After the Bomb, Only Roaches and 'Us Weekly' Will Survive
When you're packing together a double issue and taking the next week off, how do you leave your readers? At the Observer, it's with an incredibly long profile of Us Weekly editor Janice Min. The piece seems to appear apropos nothing new other than that, well, she's back from maternity leave and, dammit, Us Weekly is good.
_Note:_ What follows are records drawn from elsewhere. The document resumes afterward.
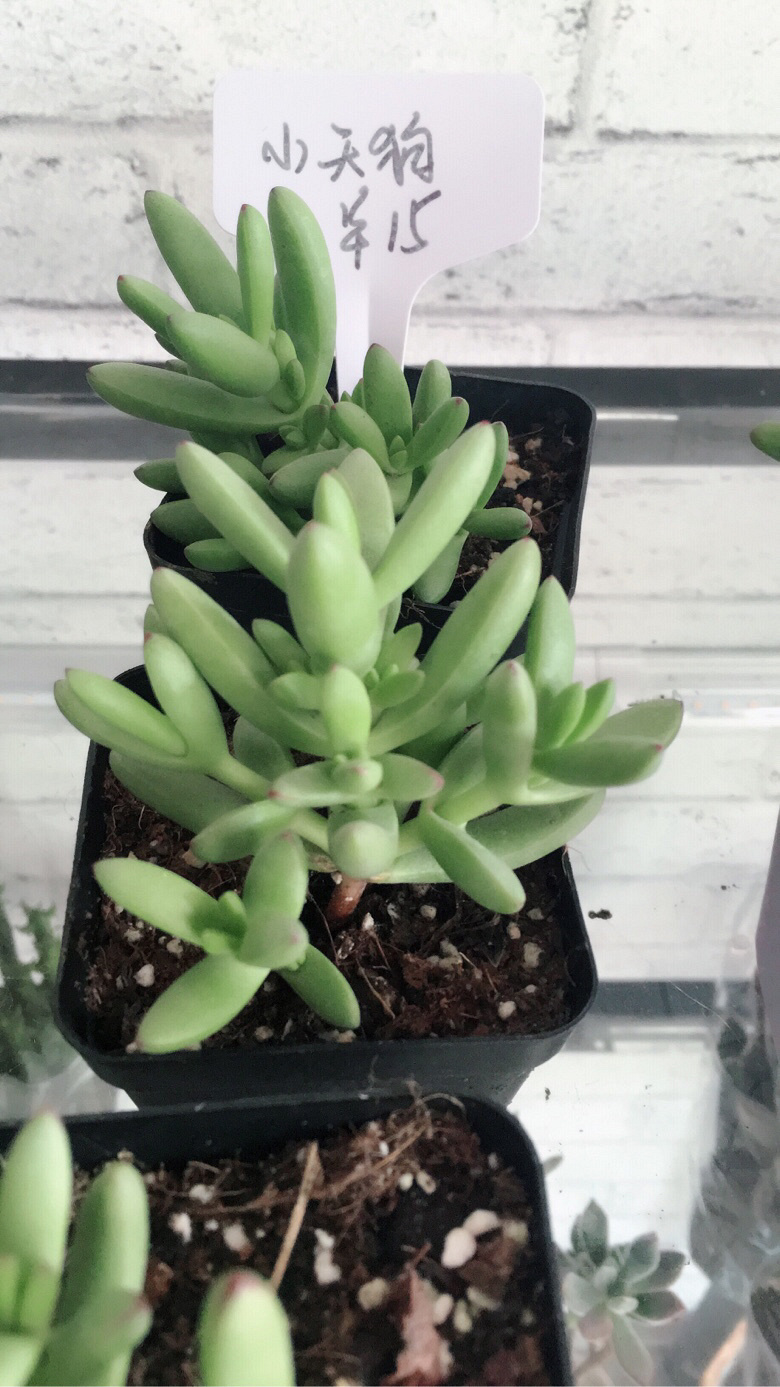 ÿ����һ��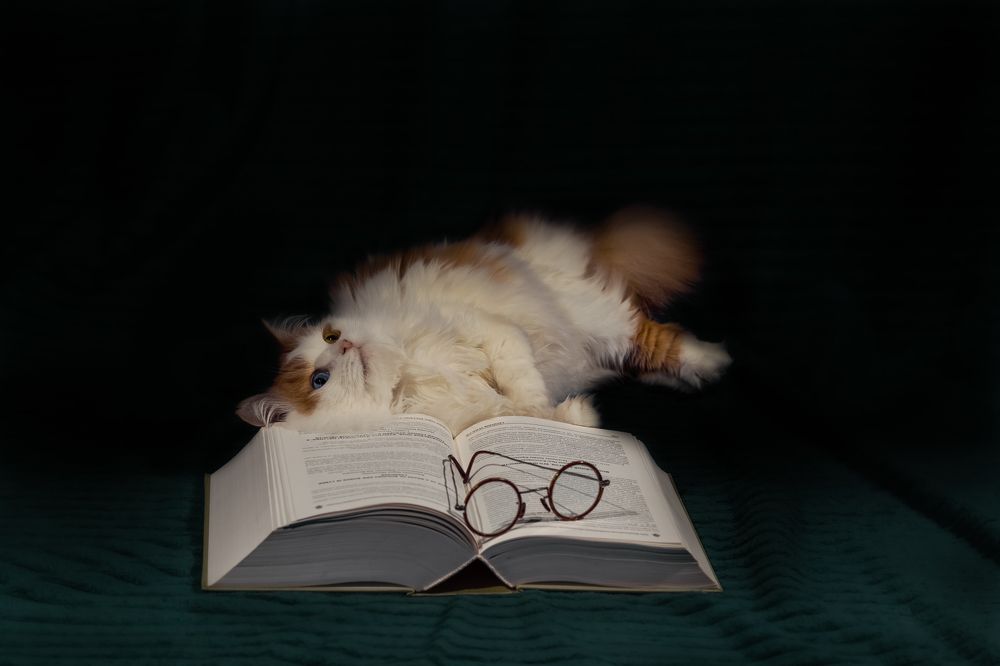 Photograph by Alexander Semenko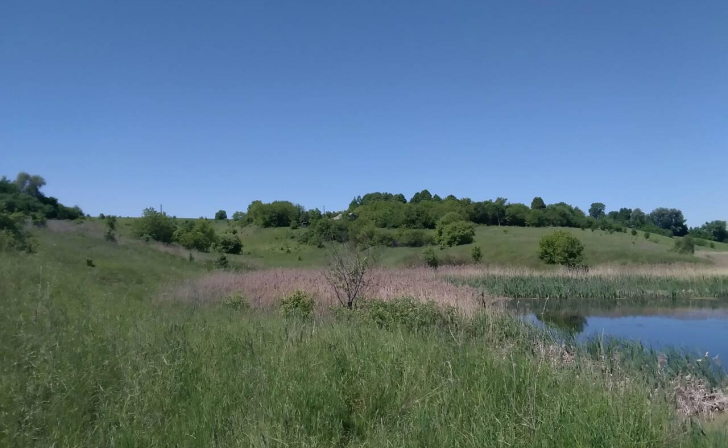 В Курской области на камеру попали два орлана-белохвоста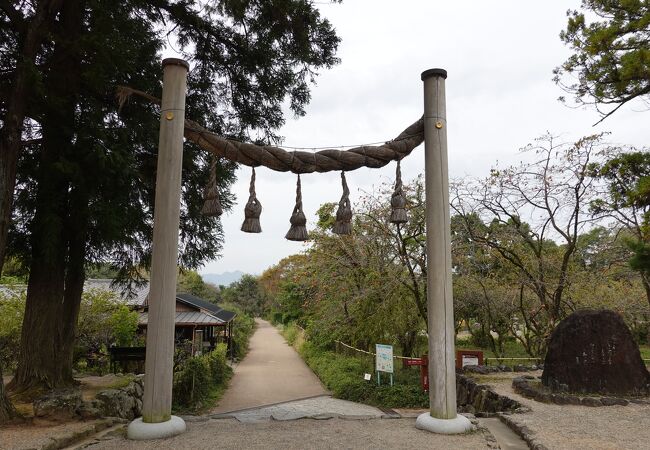 心癒される光景が随所に見られます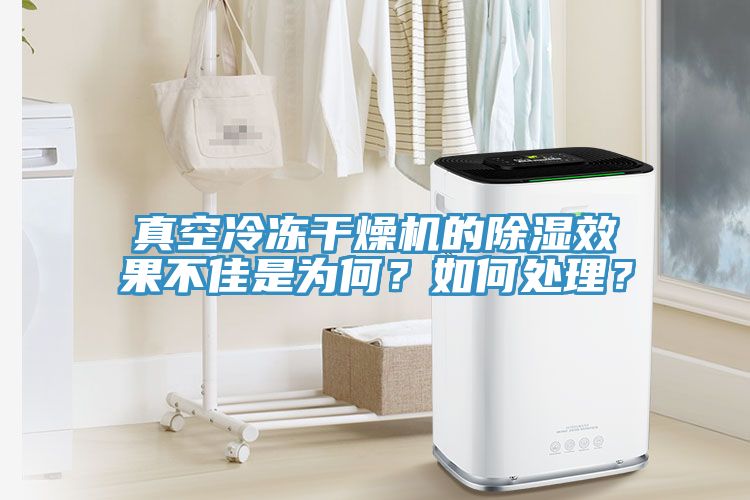 真空冷冻干燥机的除湿效果不佳是为何？如何处理？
It's the summer — that's a good enough peg, right?
To be slightly fair, it's always fun to read rambling editor interviews, but rather than ask that you delve into all four pages of rehashed celebrity worship analyses, we'll summarize the article's main points:
• We have no real friends, only celebrities.
• People don't truly love any magazines except for Us Weekly.
• Celebrity weeklies render birth control useless.
• Jann Wenner says Us Weekly takes its cues from the bible.
• You take whatever job you are offered, even if it's at a celebrity rag.
• Brangelina only pretend to want privacy and capture interest by continually cockteasing us.
• By exploiting their personal lives, no-talents like Jessica Simpson and Nick Lachey continue to exist.
• By exploiting her vagina, Kristin Cavallari existed for about "32 seconds."
• Us Weekly will slowly trick us into caring about Jennifer Lopez again.
• Nicole Kidman is too old for the cover.
• Tori Spelling, however, is not too ugly for the cover.
'Us' Editor Janice Min Dictates: In Raw Times, Jessica, Jen, Jolie [NYO]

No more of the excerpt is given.